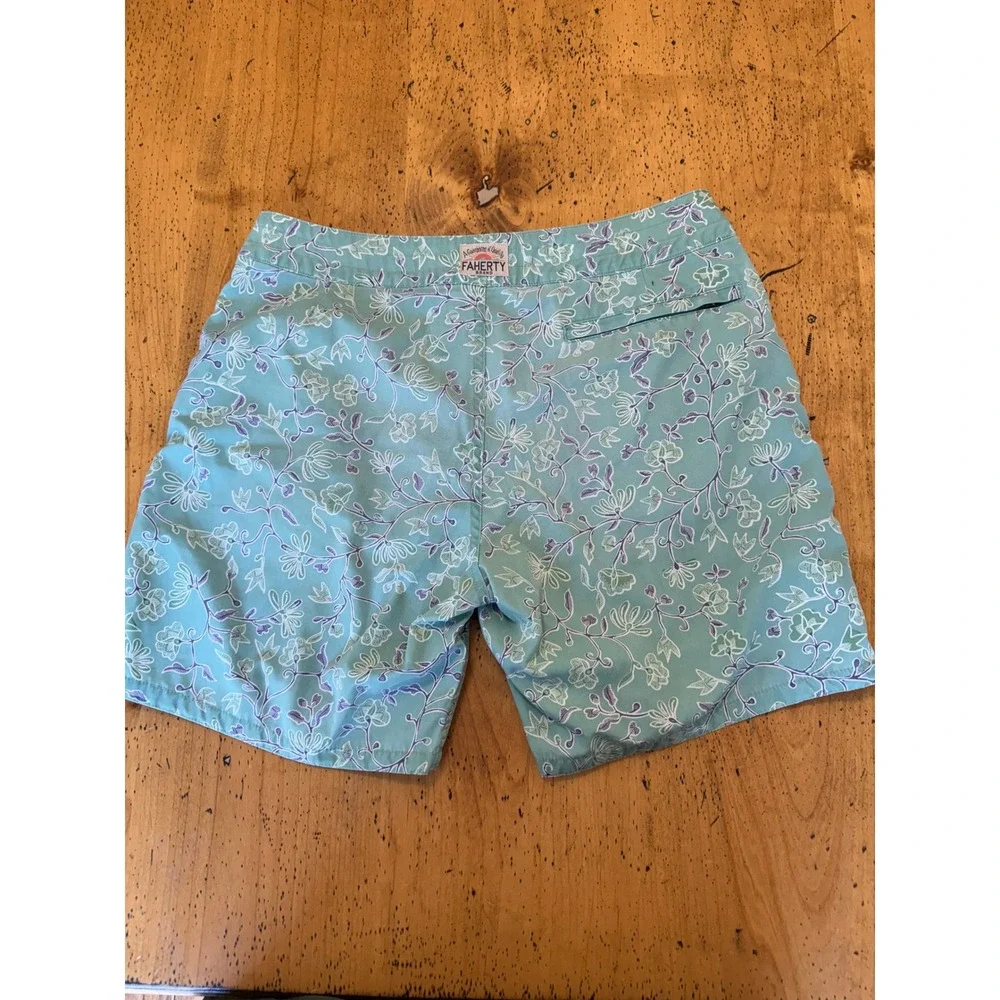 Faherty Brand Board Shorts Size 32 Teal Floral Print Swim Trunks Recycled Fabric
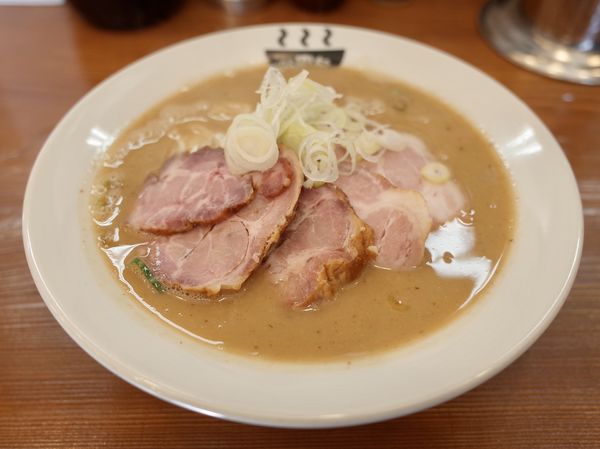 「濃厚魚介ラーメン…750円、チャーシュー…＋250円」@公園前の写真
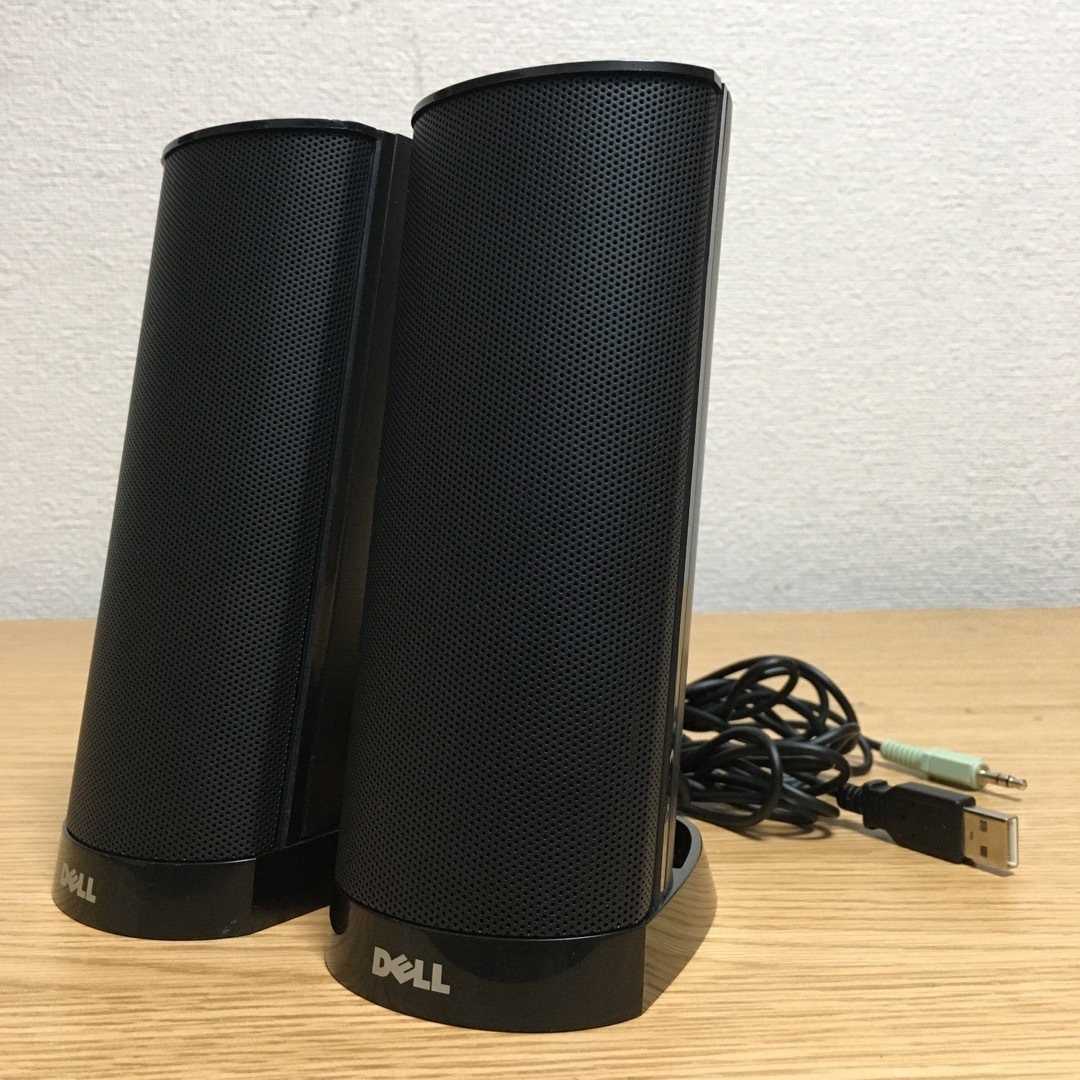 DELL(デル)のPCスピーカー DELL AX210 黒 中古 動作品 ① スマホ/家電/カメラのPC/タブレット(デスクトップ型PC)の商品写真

————

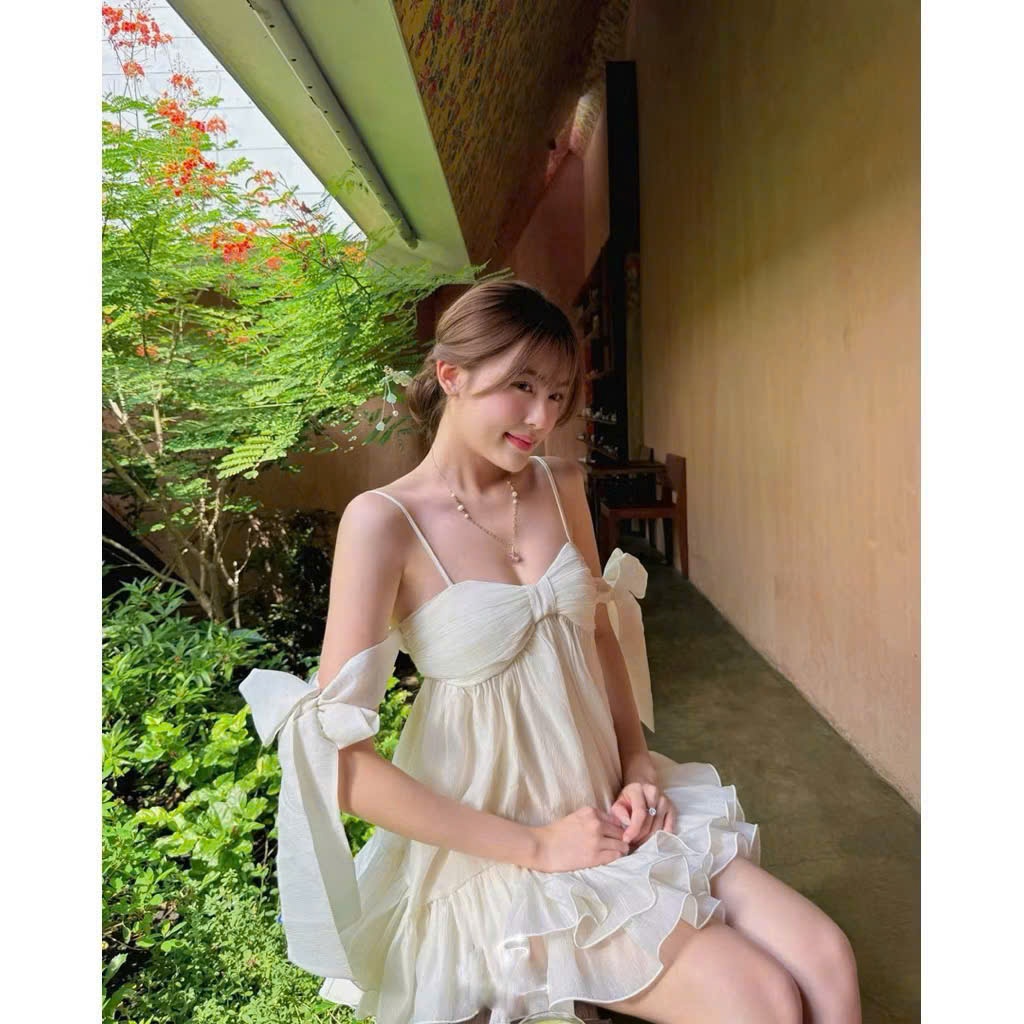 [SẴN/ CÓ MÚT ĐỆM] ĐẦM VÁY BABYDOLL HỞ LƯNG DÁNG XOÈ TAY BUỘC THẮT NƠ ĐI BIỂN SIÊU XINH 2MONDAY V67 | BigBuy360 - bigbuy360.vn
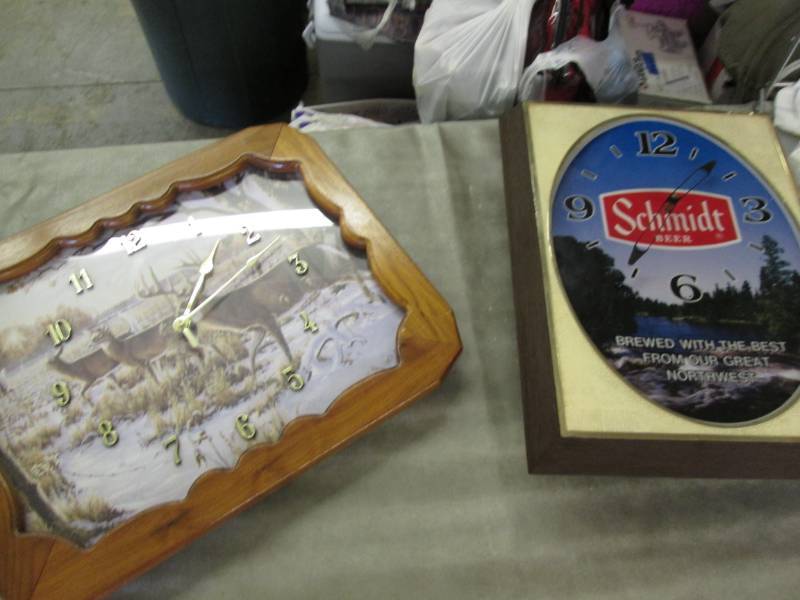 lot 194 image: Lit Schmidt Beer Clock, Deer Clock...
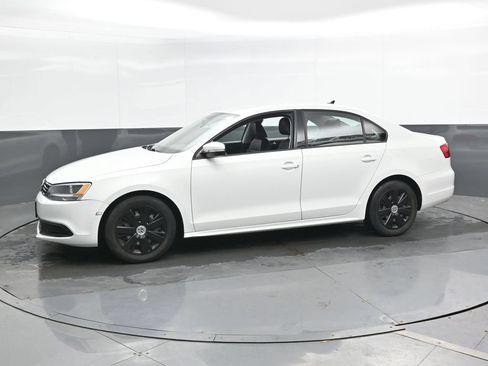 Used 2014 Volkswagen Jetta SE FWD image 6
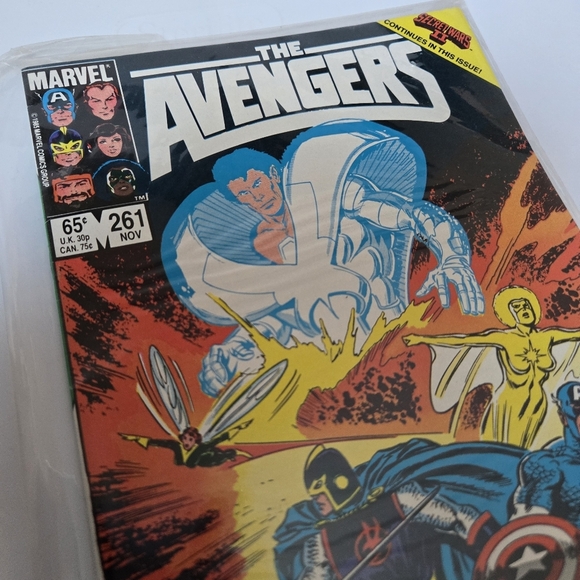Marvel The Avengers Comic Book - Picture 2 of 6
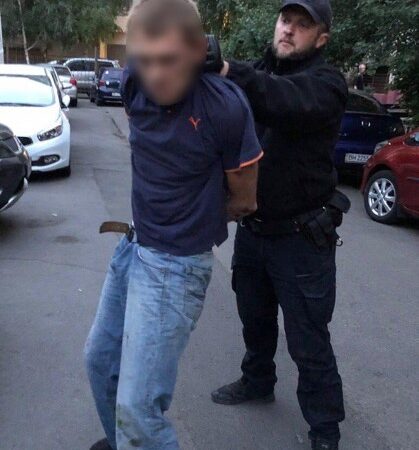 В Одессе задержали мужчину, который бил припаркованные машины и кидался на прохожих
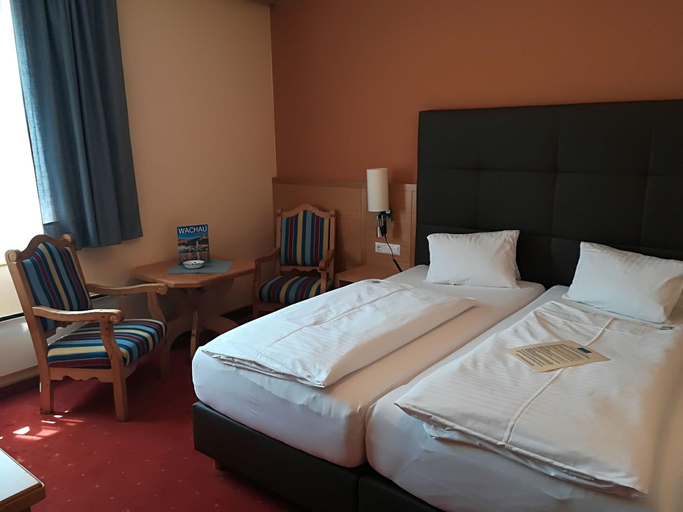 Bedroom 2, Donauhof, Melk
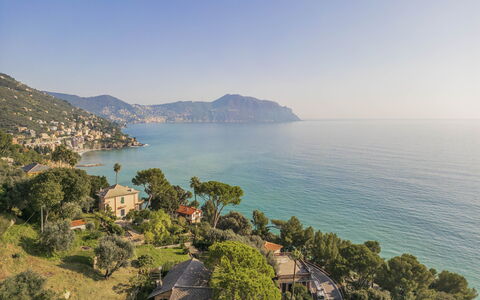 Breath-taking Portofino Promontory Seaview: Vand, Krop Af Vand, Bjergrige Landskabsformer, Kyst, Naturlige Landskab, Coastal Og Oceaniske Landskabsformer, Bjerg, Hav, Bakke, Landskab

————

# What to do
In the data above, find the line with "Faherty Brand Board" and the line with "DELL(デル)のPCスピーカー DELL AX210". Please copy exactly those two lines and every line between them, but not the pictures.

# Problem solution
 Faherty Brand Board Shorts Size 32 Teal Floral Print Swim Trunks Recycled Fabric
 「濃厚魚介ラーメン…750円、チャーシュー…＋250円」@公園前の写真
 DELL(デル)のPCスピーカー DELL AX210 黒 中古 動作品 ① スマホ/家電/カメラのPC/タブレット(デスクトップ型PC)の商品写真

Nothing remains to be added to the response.